A ética cristã é uma ética do cuidado e da responsabilidade

A ética do cuidado nasce de um coração atento e de ouvidos abertos a escutar os apelos que nascem da realidade ao seu redor, da consciência, da Boa Nova do Reino anunciada por Jesus, tornando-o capaz  de discernir o que é mais justo e o que convém ser feito em cada situação da vida.

A ética da responsabilidade nasce da capacidade de responder aos desafios e urgências. Resposta esta que respeita a liberdade pessoal e de consciência e que torna cada pessoa mais humana e mais cuidante da vida. Responsabilidade é o lugar de referência do caráter e da revelação dos princípios morais da pessoa.

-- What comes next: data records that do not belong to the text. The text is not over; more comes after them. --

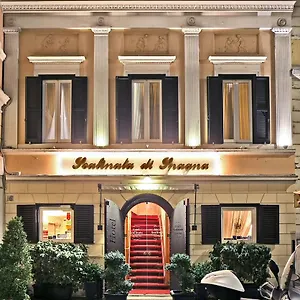 Scalinata Di Spagna 3*, Рим Италия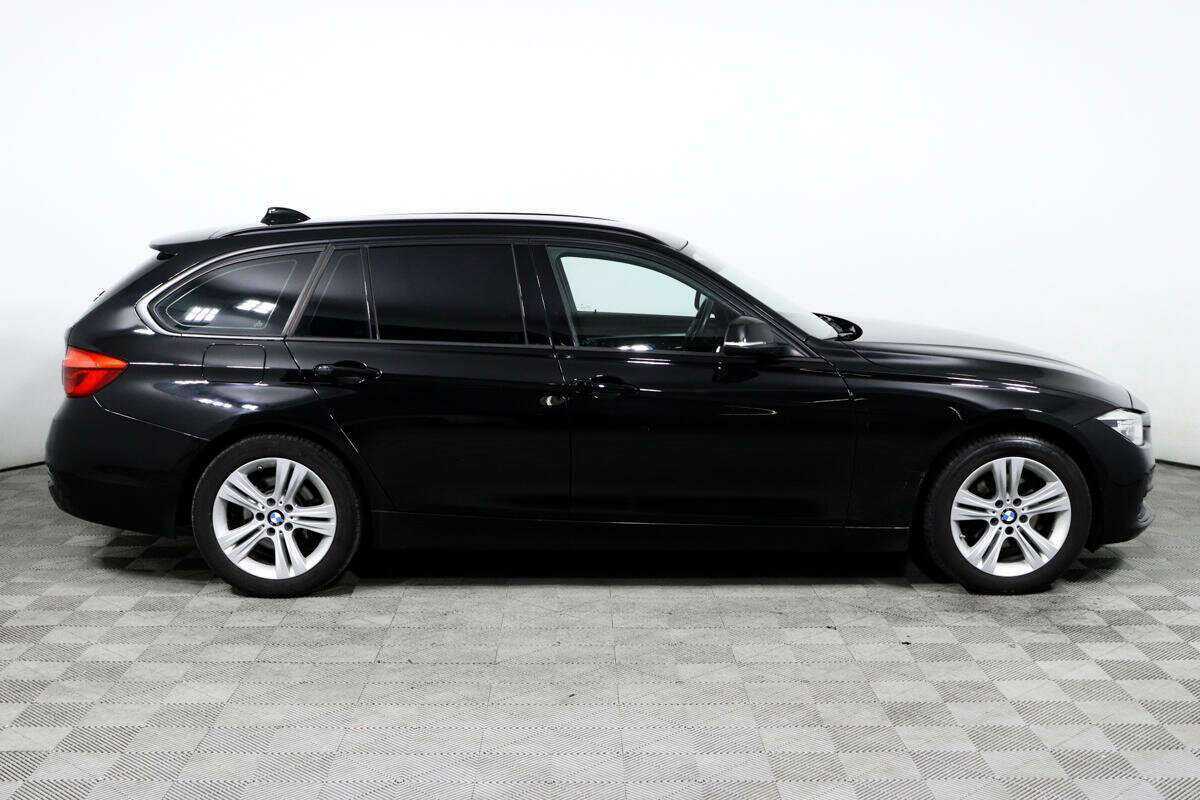 Б/У БМВ 3 серии 2019 года. Фото: #3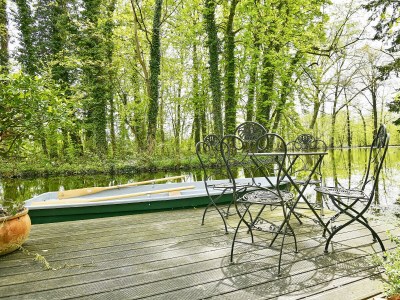 Holiday apartment Rittergut Oetzsch - Outdoor photo 7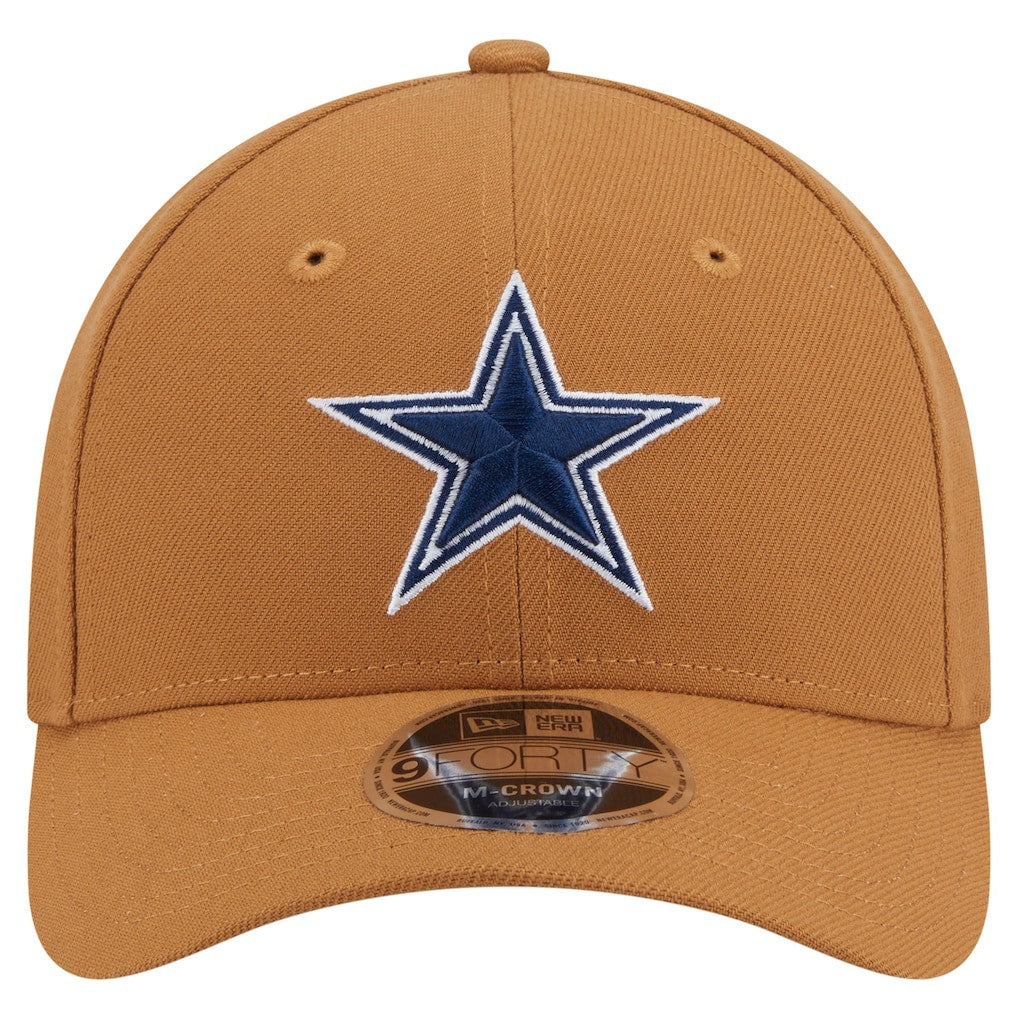 Dallas Cowboys Main 9FORTY M-Crown Adjustable Hat | NFL On sale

Neste sentido, pode-se afirmar que a ética da responsabilidade tem a ver com a obediência da fé. A obediência da fé é uma obediência discernente, que sabe valorizar todas as formas de escuta honesta à comunicação que Deus faz à humanidade, através das pessoas, dos fatos, das instituições,  da história pessoal e coletiva. Assim, ser alguém eticamente responsável é tarefa extremamente trabalhosa e presume tanto a humildade de acolher, quanto a coragem sincera de refutar as muitas ofertas de normas de conduta que são apresentadas às pessoas a cada tempo.

A responsabilidade nasce desta capacidade de resposta que o leva a agir de tal maneira que as consequências de suas ações sejam benéficas e proveitosas para o outro e para as gerações futuras, sobretudo, sejam construtoras da esperança no outro.

Matar a esperança é matar a própria vida. A responsabilidade ética supõe um compromisso inarredável com a verdade, que deve ser buscada incansavelmente pelo diálogo sincero e honesto que reconhece o outro como alguém significativo e digno de ser escutado.

 

A ética cristã é ética da fraternidade e da solidariedade

A ninguém é dado o direito de perguntar como Caim perguntou ao Senhor após ter sacrificado seu irmão Abel em uma atitude fratricida: “Sou eu por acaso guarda do meu irmão?” (Gn 4,9). A falta do sentimento de irmandade os torna homicidas e mentirosos.

É preciso construir a certeza de que há realmente uma interdependência necessária entre todos os seres, de que possuímos uma origem e um destino comuns, de que carregamos as mesmas feridas e de que alimentamos esperanças e utopias que nos projetam no mesmo paraíso, mesmo que expressas de formas diferentes.

A solidariedade emerge como uma categoria basilar da vida. A vida necessita fundamentalmente da solidariedade para se sustentar. A vida é frágil e vulnerável e está à mercê da alternativa entre o caos e o cosmos. Aqui merece uma consideração: a expressão cosmos é que gerou a palavra cosmético, o belo, a beleza. Portanto, cuidar do cosmo é cultivar o belo.  É neste sentido que Dostoievski vai afirmar que a beleza salvará o mundo.

Atitudes como cuidado, respeito, veneração, ternura, cooperação solidária, cumplicidade, parceria, inclusão do outro no jogo da vida, devem ser recuperadas em uma sociedade embrutecida e bestializada que prima pela competição, pelo egoísmo, pela inveja, pela disputa, pela dominação, pelo descarte dos outros.

Caso percebamos ser muito difícil mudar o mundo, mudemos o Brasil. Se esta tarefa for difícil, comecemos pelo nosso Estado. Se não nos sentirmos capazes a tal obra, comecemos pelo nosso município. Se não dermos conta, iniciemos pelo nosso bairro. Caso a tarefa seja grandiosa, comecemos por nossa rua, ou por nossa empresa, nossa escola, nossa casa até chegarmos á consciência de que é necessário começar por nós mesmos, como nos alertava Mahatma Gandhi: Sejamos nós mesmos a mudança que queremos ver no outro.  Ou então tomemos consciência do apelo insistente de Dom Hélder Câmara de que precisamos nos mudar muito para sermos nós mesmos.